▸ **Exercise brief**: The result should be an exact copy of the data, free of pictures.

▸ **Dataset excerpt**:

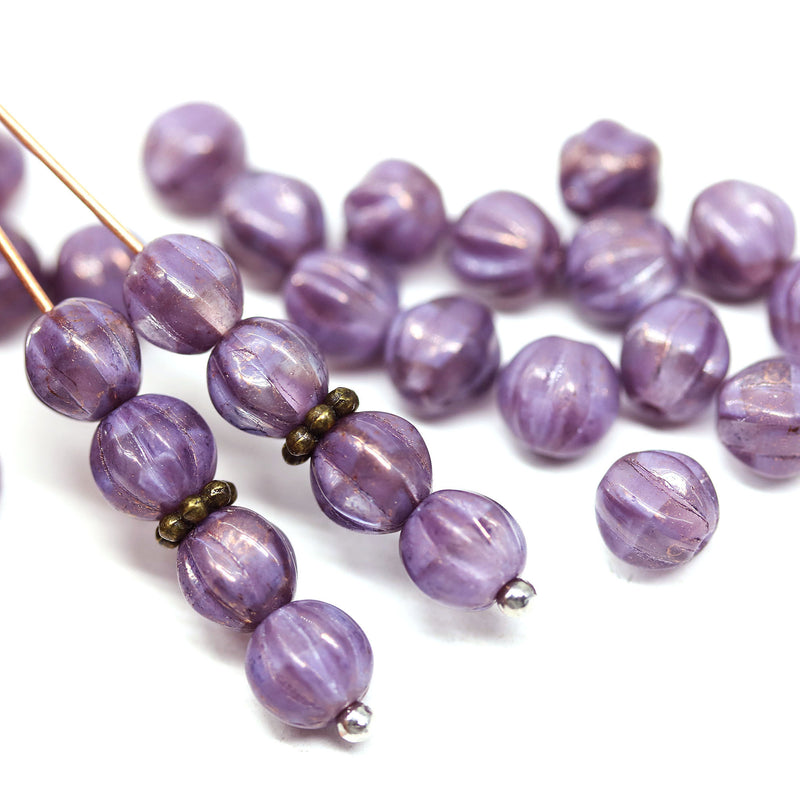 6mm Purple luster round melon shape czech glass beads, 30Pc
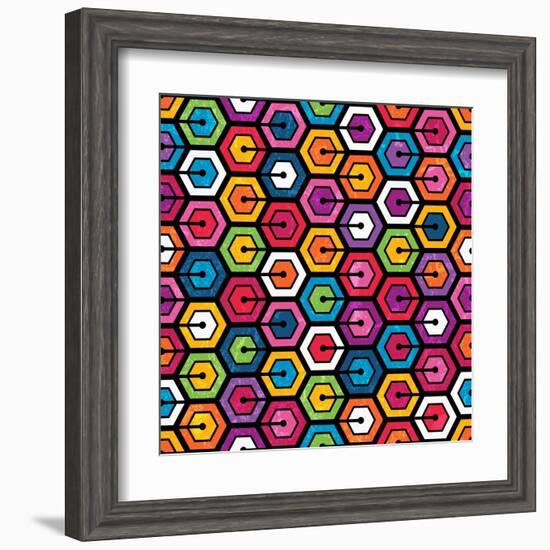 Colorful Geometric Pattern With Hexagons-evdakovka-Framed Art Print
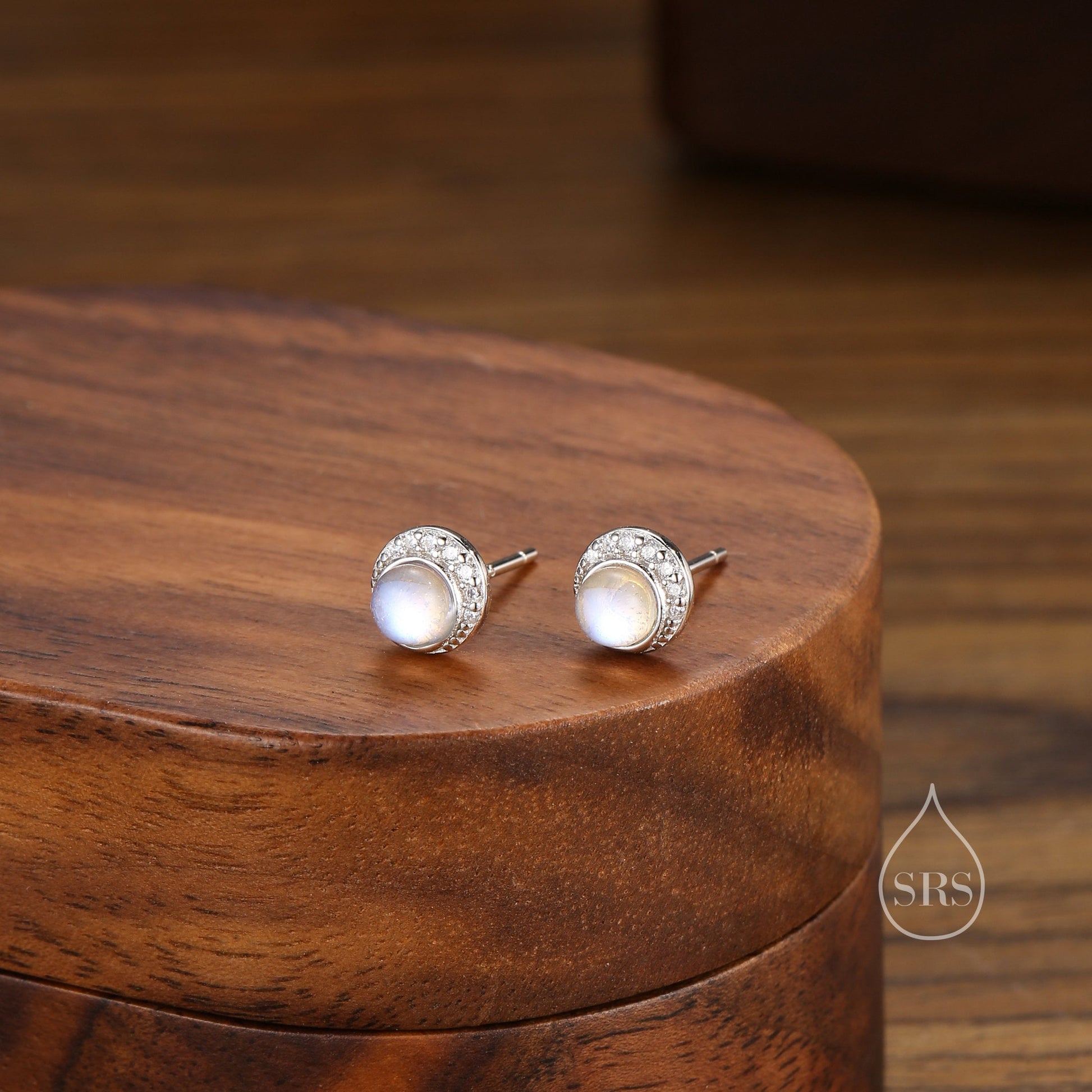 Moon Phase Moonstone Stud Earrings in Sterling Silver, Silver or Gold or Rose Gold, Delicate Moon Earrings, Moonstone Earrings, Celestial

▸ **Response to this task**:
 6mm Purple luster round melon shape czech glass beads, 30Pc
 Colorful Geometric Pattern With Hexagons-evdakovka-Framed Art Print
 Moon Phase Moonstone Stud Earrings in Sterling Silver, Silver or Gold or Rose Gold, Delicate Moon Earrings, Moonstone Earrings, Celestial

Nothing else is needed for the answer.